Defold is a full 3D engine, but it is designed and built with strong support for 2D games. The editor is currently best suited for making 2D games.

Importing Image Files

Defold needs all assets that should be in your project hierarchy. Therefore you need to import all graphics asset files that you need for your graphics. To import an assets, simply drag the files from the file system on your computer and drop them in an appropriate place in the Defold editor Project Explorer.

Importing image files

Defold supports images in the PNG and JPEG image formats. For models, Defold uses the Collada DAE format.

Image resources

In Defold, there are two types of resource that are used as an image source for visual components:

atlas Atlas

An atlas contains a list of separate images files, which are automatically combined into a larger texture image. Atlases can contain still images and Animation Groups, sets of images that together form a flipbook animation.

atlas

tile source Tile Source

A tile source references an image file that is already made out to consist of smaller sub-images ordered on a uniform grid. Another term commonly used for this type of compound image is sprite sheet. Tile sources can contain flipbook animations, defined by the first and last tile for the animation. It is also possible to use an image to automatically attach collision shapes to tiles.

tile source

Visual components

There are several component types that get their image data from atlas or tile source image resources:

sprite

A sprite is a simple image or flipbook animation that is displayed on screen.

sprite

tile map Tile map

A tilemap component pieces together a map from tiles (image and collision shapes) that come from a tile source. Tile maps cannot use atlas sources.

tilemap

particle effect Particle fx

Particles that are spawned from a particle emitter consist of a still image or a flipbook animation from an atlas or tile source.

particles

gui GUI

GUI box nodes and pie nodes can use still images and flip book animations from atlases and tile sources.

gui

spine Spine model

Spine models gets their data from Spine scene resources. Those contain two pieces of data:

  1. A Spine Json file that describes the bone animations.
  2. An atlas that contain the images that are attached to the bones. Spine models cannot use data from tile maps.

spine

3D graphics

Models get its image data directly from an image file that is mapped onto the model according to the model’s UV map:

model Model

3D models

model

Collada support

Defold’s 3D support requires you to save or export model, skeleton and animation data in the Collada format. This is a widely adopted format that most 3D modelling software supports. So you should be able to create assets in in Maya, 3D Max, Blender, Sketchup or any other popular software and then bring the results into Defold.

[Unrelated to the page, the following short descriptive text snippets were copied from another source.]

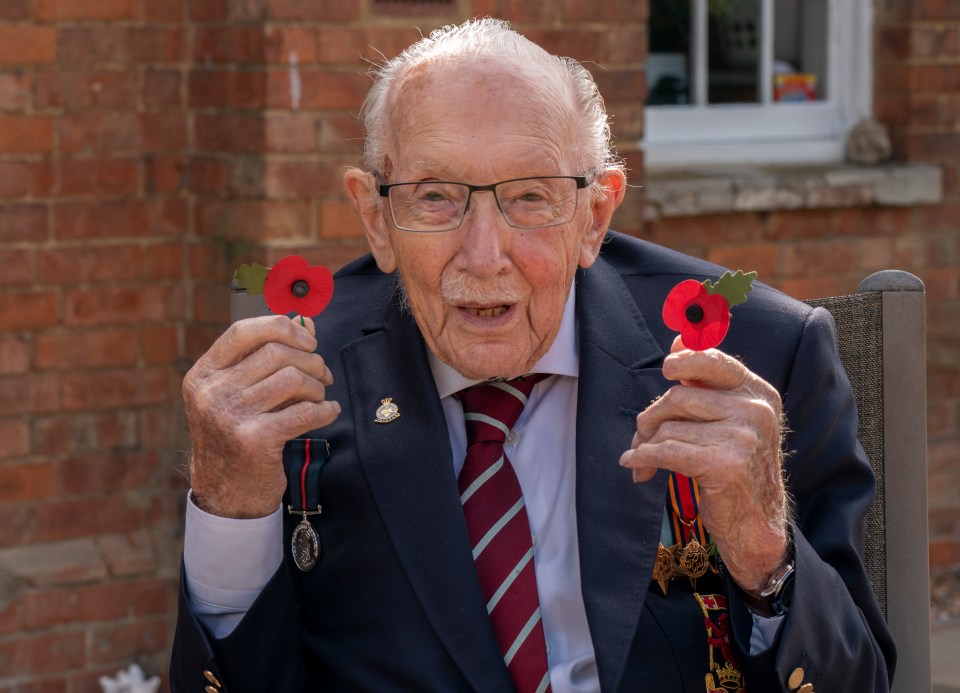 Captain Tom Moore holds two poppies showing his support for the British Legion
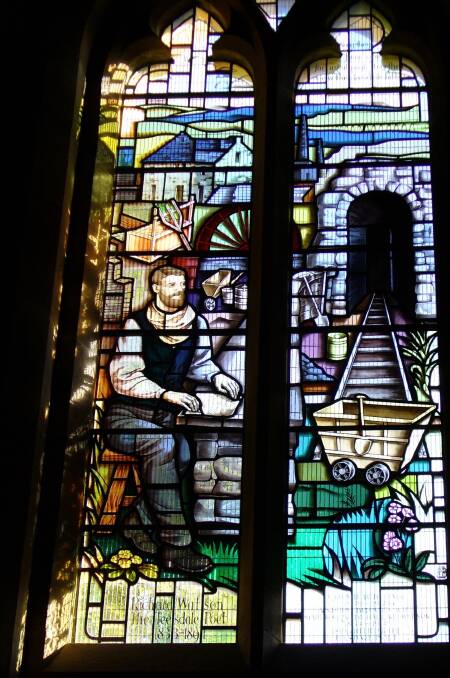 LIFE MEMORIALISED: A modern example of a window celebrating the life of a notable person, Richard Watson known as the Teeside Poet who earnt his living as a lead miner. The window includes his tools of trade and the mine entrance. Photo: Supplied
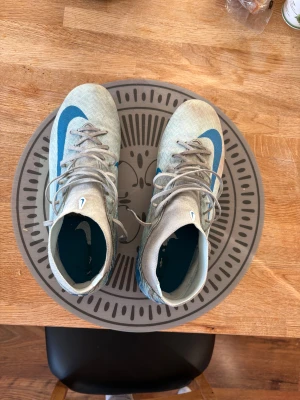 Nike Mercurial blå fotbollsskor - Säljer ett par Nike Mercurial fotbollsskor i ljusgblått med mörkblåa detaljer och stor Nike-logga på sidan. Skorna har snörning, högre skaft och platta dobbar för bra grepp på planen. Perfekta för dig som vill sticka ut på matchen!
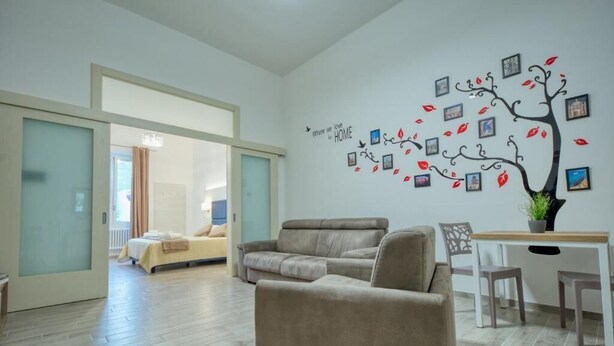 Un salon moderne comprenant un canapé, une table à manger et un mur décoré d’un arbre composé de photographies.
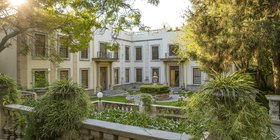 Grand colonial courtyard and gardens at golden hour at Fairlawns Boutique Hotel and Spa, Johannesburg, South Africa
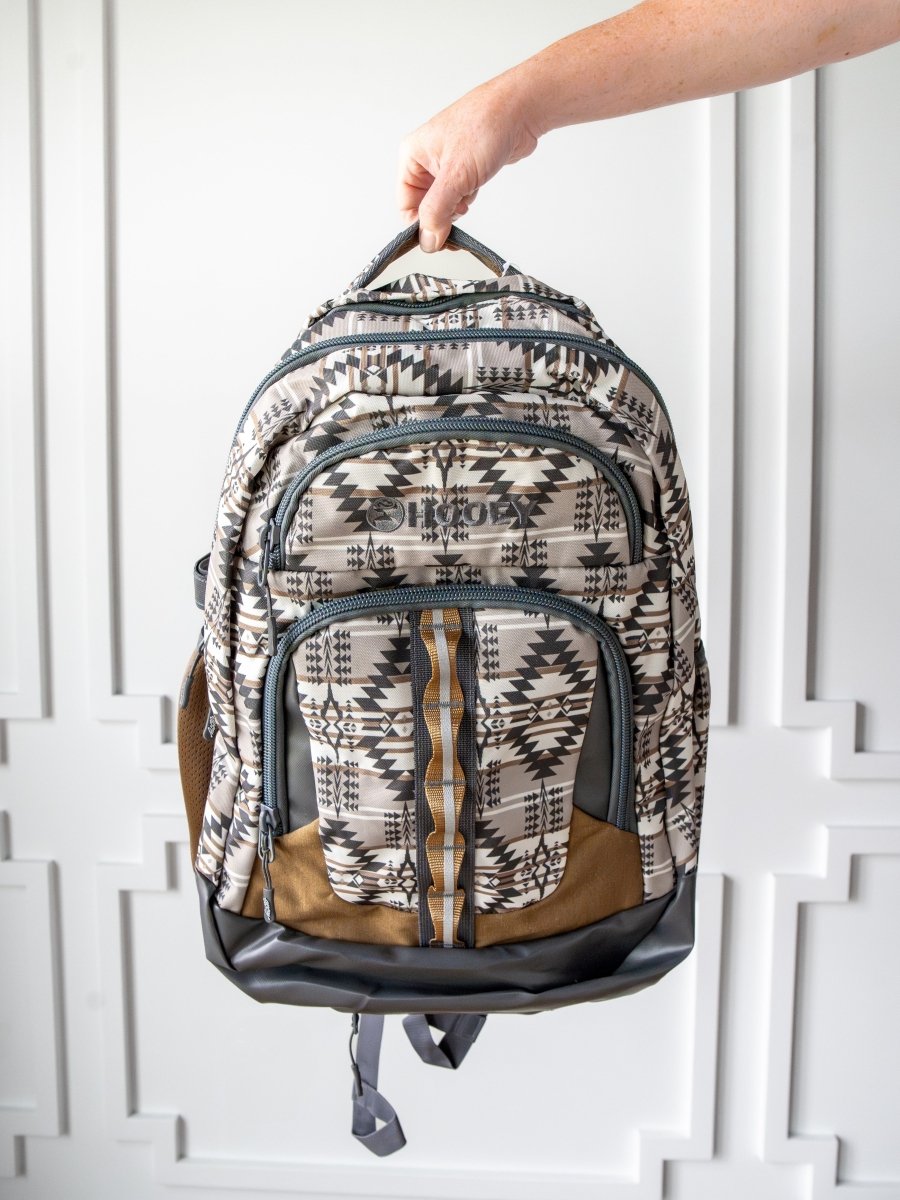 A hand holds the Arizona Large Southwest Hat Holder Backpack by Savannah Sevens western life{&}style, featuring geometric black, white, and brown designs with multiple zippered compartments, set against a white paneled background.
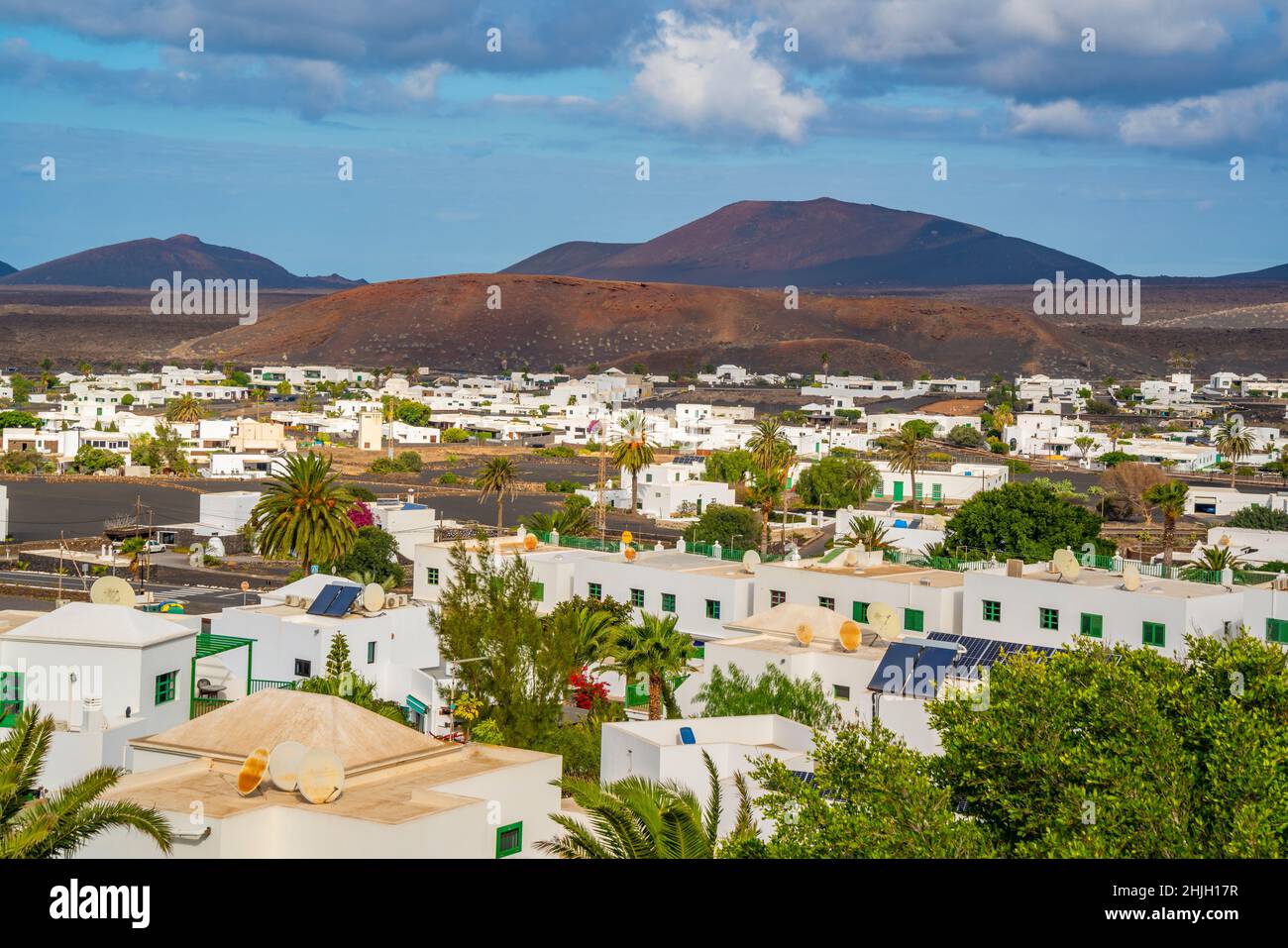 View of town from elevated position with mountainous backdrop, Yaisa, Lanzarote, Canary Islands, Spain, Europe Stock Photo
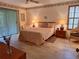 Serene main bedroom with tile floors, a ceiling fan, and windows for natural light at 2910 Star Apple Ct, Palm Harbor, FL 34684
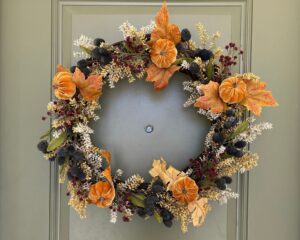 Vine wreath with a mix of floral picks in orange, cream, yellow, burgundy, green and blue. Hanging on sage green door.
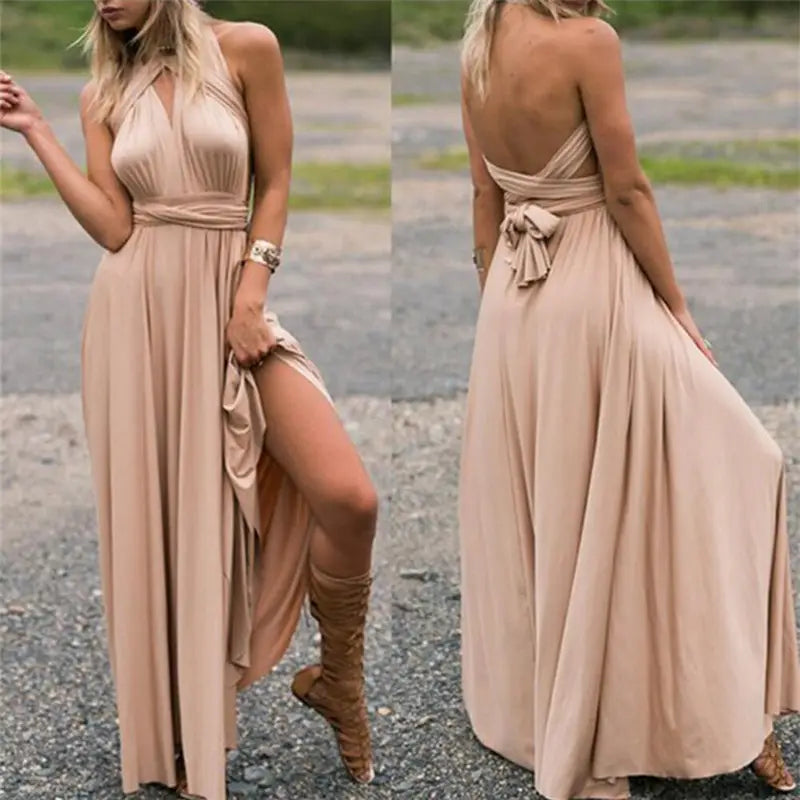 Beige women’s boho multiway halter neck flowing maxi dress with a draped back and side slit shown from the back.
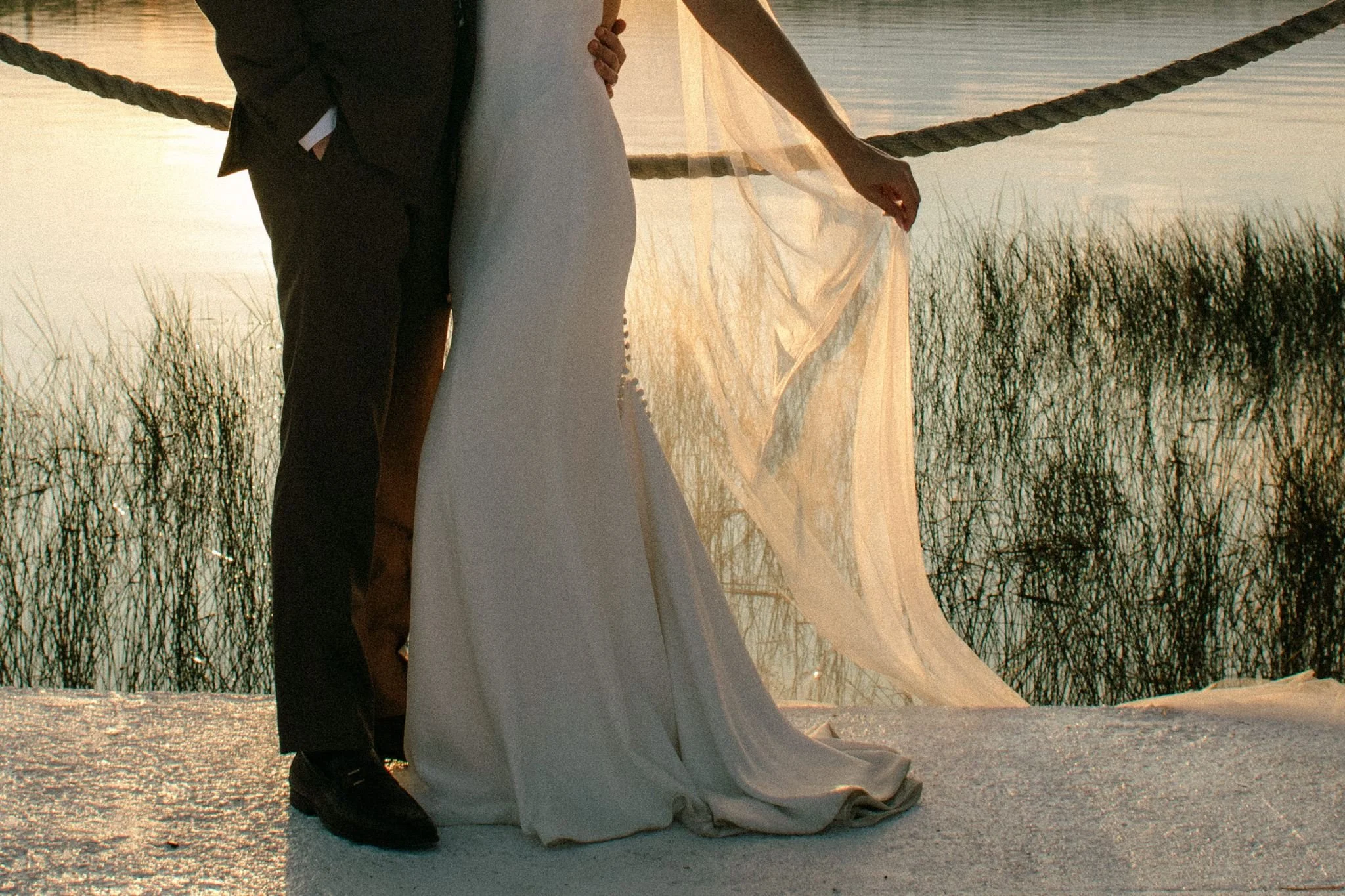 Golden light filters through bride's veil at Muskoka lake wedding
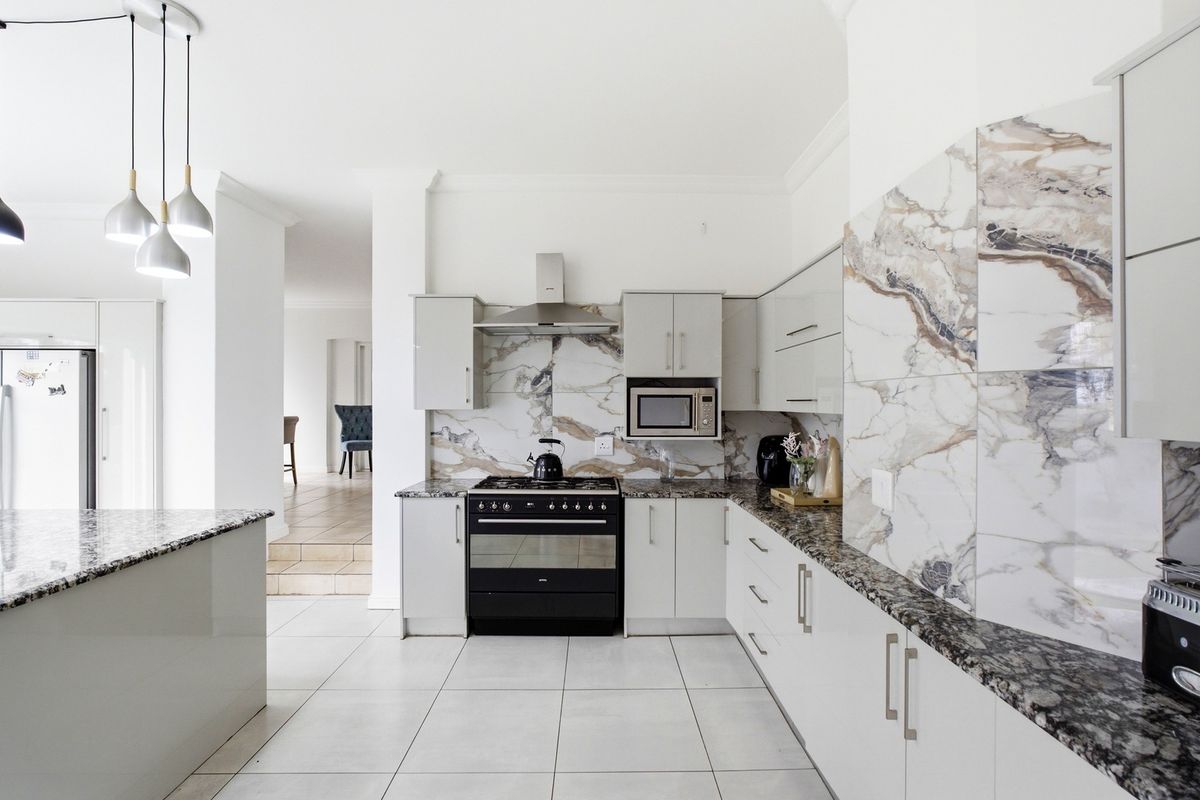 Modern kitchen featuring granite countertops, marble-look splashback tiles, built-in oven with gas hob, extractor fan, and sleek cabinetry.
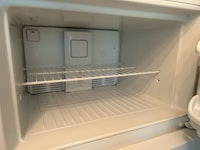 the inside of a refrigerator with the door open
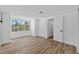 Bright bedroom featuring a large window and white trim at 7318 Bellows Falls Ln, Hudson, FL 34667
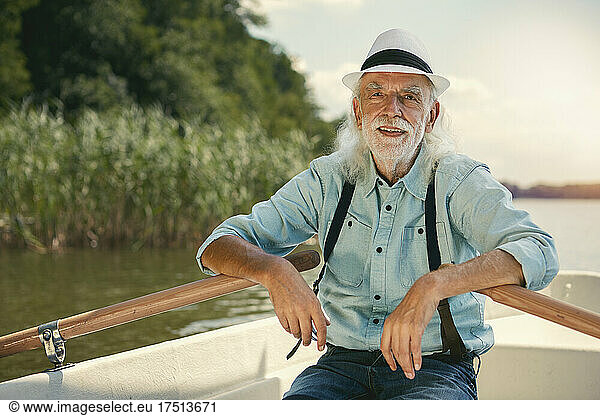 Portrait of senior man sitting in rowing boat on a lake wearing suspenders and summer hat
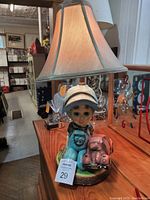 Overall front view of vintage chalkware boy lamp with toy car and shade on wooden surface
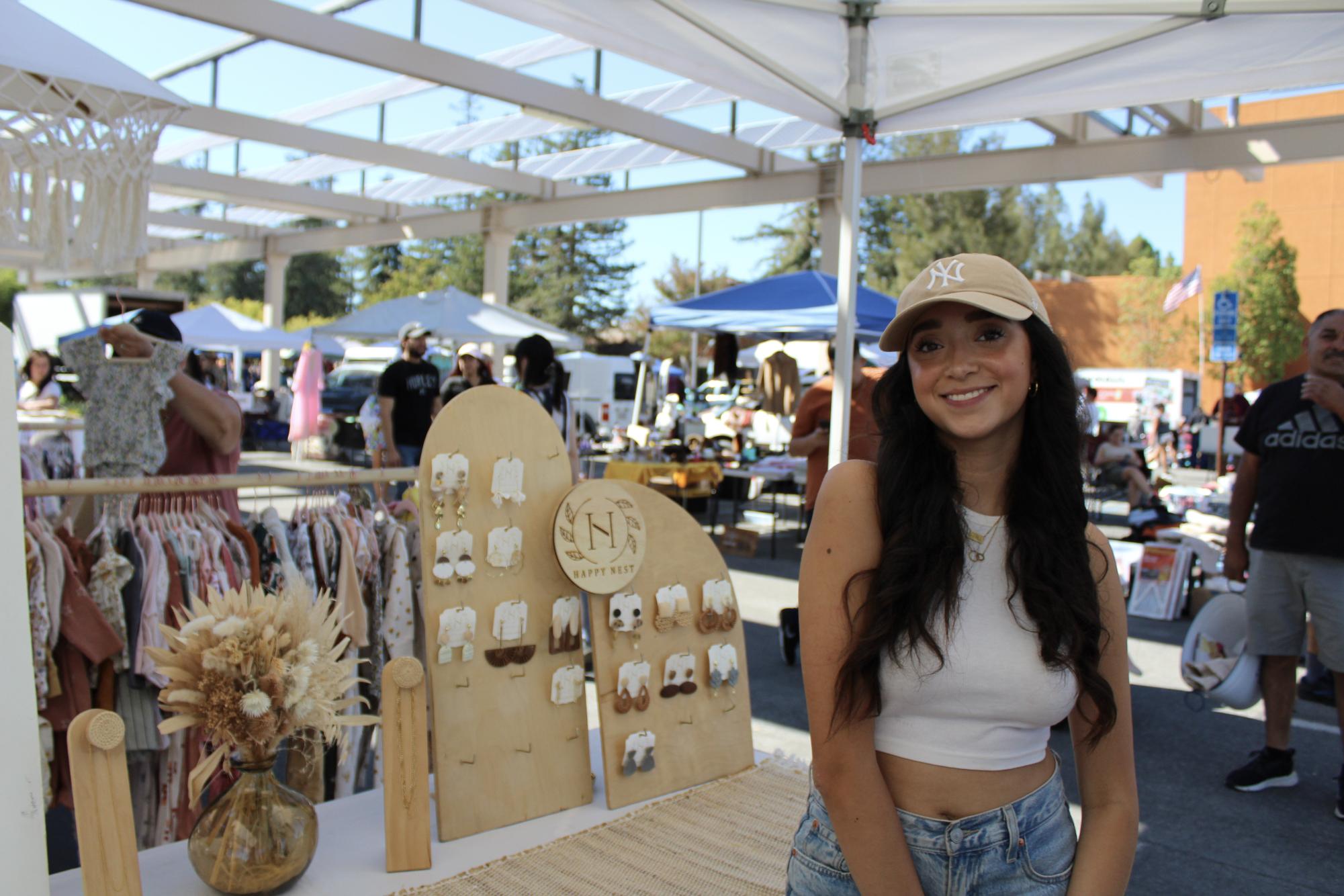 Irie Ramirez poses next to a stand of Happy Nest earrings.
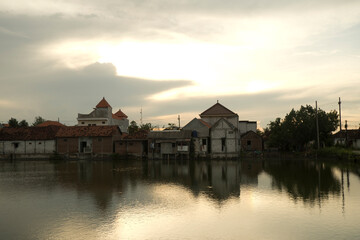 Obraz premium Peaceful Evening Landscape with Water Pond Between Houses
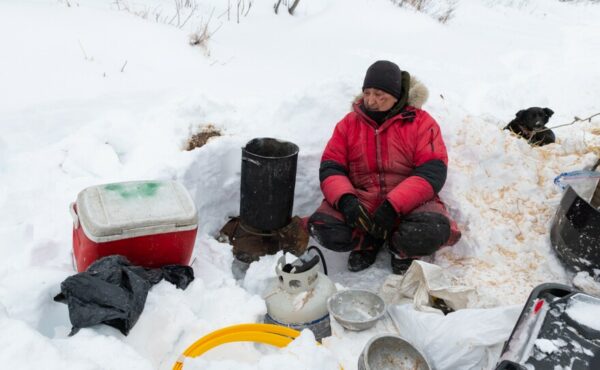 A musher sits outside near a stove in the snow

Defold currently only supports baked animations. Animations need to have matrices for each animated bone each keyframe, and not position, rotation and scale as separate keys.

Animations are also linearly interpolated. If you do more advanced curve interpolation the animations needs to be prebaked from the exporter.

Animation clips in Collada are not supported. To use multiple animations per model, export them into separate .dae files and gather the files into an .animationset file in Defold.

Materials, shaders and textures

3D software commonly allows you to set properties on your object vertices, like coloring and texturing. This information goes into the Collada .dae file that you export from your 3D software. Depending on the requirements of your game you will have to select and/or create appropriate and performant materials for your objects. A material combines shader programs with a set of parameters for rendering of the object.

You will also need to design and implement a game camera that works with your intended gameplay.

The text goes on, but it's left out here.